Difference Between OEM_TESSERACT_ONLY and OEM_LSTM_ONLY in Tesseract

OEM_TESSERACT_ONLY runs the legacy rule-based OCR engine for maximum speed, while OEM_LSTM_ONLY runs the neural network LSTM recognizer for highest accuracy on modern text.

Tesseract, the open-source OCR engine maintained in the tesseract-ocr/tesseract repository, supports multiple recognition pipelines selectable through the OcrEngineMode (OEM) enum. Understanding the distinction between the legacy and LSTM modes is critical for optimizing accuracy and performance in production OCR workflows.

What Are Tesseract OCR Engine Modes?

The OCR engine mode determines which recognition pipeline Tesseract uses to process images. These modes are defined in include/tesseract/publictypes.h【64†L64-L66】 as an enum that allows developers to explicitly choose between the legacy engine, the LSTM neural network, or combined approaches.

When initializing Tesseract via Init(), you pass an OEM value that locks the API into a specific recognition strategy for that session.
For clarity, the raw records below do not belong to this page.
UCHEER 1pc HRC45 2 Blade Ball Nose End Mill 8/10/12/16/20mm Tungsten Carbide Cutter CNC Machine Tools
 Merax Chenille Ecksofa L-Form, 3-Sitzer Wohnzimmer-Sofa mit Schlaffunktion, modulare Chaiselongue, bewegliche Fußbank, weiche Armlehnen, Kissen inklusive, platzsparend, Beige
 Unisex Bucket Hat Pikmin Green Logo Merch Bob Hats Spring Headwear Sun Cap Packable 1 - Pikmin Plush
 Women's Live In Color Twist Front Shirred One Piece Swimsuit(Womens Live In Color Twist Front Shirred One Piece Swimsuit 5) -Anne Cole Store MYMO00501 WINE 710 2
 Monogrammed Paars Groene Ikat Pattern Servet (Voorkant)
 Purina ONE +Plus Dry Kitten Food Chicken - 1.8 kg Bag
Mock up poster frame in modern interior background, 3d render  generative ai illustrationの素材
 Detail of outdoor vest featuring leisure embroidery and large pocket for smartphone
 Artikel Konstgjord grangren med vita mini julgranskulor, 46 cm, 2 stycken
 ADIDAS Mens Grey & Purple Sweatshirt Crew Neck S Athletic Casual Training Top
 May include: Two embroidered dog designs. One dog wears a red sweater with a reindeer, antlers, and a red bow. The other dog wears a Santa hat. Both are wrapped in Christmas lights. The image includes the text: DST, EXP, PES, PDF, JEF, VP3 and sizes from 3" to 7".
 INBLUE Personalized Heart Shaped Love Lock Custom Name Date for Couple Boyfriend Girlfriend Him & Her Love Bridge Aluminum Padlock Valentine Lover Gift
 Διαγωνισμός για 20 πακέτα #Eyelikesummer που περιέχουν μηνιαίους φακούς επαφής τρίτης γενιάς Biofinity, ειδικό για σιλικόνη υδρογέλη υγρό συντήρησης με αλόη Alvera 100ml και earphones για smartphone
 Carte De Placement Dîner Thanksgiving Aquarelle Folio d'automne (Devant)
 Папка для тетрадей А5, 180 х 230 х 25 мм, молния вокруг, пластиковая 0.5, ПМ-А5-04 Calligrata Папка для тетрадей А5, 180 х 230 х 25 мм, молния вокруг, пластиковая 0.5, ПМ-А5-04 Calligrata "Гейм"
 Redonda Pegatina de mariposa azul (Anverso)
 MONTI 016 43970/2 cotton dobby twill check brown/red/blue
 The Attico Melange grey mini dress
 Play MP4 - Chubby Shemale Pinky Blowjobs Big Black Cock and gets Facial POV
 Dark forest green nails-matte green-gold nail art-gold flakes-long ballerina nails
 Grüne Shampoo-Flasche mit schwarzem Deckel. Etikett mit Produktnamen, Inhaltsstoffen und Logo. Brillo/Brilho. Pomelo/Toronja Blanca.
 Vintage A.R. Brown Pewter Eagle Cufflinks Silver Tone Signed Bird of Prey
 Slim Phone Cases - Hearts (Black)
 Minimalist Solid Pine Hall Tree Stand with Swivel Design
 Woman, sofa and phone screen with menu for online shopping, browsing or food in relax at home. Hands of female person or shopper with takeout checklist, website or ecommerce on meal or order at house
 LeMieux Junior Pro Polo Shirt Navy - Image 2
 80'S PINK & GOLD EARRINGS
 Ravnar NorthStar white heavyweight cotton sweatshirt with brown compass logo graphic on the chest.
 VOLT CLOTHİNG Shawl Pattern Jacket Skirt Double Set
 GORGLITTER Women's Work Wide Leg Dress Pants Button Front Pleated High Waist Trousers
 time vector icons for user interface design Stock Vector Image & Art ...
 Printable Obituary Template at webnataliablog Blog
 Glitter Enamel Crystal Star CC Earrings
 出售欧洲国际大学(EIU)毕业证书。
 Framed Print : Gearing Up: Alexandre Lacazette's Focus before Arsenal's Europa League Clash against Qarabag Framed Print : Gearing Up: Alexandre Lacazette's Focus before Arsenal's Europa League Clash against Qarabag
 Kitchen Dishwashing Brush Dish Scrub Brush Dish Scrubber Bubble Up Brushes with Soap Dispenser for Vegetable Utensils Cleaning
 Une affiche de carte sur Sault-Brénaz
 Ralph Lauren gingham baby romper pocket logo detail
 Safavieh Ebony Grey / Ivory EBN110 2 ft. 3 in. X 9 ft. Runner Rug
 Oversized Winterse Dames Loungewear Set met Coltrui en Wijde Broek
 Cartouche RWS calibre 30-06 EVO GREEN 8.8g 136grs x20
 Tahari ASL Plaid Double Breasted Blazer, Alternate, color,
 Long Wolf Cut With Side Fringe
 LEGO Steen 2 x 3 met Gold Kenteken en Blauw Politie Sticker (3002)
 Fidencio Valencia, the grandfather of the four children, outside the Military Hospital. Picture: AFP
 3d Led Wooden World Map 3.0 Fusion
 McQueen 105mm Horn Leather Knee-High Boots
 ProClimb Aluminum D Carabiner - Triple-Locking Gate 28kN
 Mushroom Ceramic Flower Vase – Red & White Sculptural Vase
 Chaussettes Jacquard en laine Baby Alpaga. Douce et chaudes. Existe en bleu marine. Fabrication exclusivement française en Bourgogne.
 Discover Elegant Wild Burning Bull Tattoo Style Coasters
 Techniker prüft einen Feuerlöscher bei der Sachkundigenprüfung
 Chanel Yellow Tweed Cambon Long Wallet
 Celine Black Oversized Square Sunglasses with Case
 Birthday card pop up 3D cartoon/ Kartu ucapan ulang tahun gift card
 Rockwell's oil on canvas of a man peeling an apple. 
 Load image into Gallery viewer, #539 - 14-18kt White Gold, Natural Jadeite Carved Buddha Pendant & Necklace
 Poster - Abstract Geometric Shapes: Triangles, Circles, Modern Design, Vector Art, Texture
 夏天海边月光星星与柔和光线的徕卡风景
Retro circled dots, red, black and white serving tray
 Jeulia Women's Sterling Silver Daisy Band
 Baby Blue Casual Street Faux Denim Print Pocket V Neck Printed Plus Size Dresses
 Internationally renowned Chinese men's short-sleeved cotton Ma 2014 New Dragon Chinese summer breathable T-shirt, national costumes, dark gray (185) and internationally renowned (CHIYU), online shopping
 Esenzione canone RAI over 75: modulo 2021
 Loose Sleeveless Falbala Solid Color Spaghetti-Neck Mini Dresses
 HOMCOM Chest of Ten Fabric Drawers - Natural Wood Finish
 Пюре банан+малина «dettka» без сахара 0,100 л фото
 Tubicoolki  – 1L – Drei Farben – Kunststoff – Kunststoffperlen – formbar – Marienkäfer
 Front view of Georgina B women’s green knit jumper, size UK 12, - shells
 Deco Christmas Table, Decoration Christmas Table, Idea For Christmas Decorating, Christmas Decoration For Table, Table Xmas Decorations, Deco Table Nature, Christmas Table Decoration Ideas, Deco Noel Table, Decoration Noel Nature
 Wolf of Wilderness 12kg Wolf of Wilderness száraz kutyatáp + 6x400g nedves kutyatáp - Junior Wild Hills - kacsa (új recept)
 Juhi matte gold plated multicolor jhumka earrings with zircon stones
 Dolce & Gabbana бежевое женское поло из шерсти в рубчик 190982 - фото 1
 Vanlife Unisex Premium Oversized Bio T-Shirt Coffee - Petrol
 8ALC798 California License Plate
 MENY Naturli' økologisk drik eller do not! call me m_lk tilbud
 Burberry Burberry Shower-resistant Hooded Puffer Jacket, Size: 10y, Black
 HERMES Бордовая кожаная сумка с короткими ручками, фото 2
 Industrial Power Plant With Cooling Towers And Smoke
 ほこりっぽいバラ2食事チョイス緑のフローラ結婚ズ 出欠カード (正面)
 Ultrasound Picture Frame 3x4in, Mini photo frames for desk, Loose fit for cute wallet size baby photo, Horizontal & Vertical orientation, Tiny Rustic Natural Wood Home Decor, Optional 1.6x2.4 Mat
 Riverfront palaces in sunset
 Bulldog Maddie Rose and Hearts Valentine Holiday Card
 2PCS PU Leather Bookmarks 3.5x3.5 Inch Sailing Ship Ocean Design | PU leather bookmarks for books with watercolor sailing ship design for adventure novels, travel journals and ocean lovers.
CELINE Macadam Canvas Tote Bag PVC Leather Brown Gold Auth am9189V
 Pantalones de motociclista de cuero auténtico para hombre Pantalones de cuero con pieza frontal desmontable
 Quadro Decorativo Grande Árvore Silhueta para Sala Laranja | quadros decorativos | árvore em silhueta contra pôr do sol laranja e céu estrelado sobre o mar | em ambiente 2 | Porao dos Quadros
This decision impacts everything from model loading requirements to recognition speed and accuracy characteristics.

OEM_TESSERACT_ONLY vs OEM_LSTM_ONLY: Key Differences

Legacy Engine (OEM_TESSERACT_ONLY)

OEM_TESSERACT_ONLY activates the traditional Tesseract engine that relies on character classification and adaptive thresholding algorithms. This mode operates entirely without LSTM neural networks.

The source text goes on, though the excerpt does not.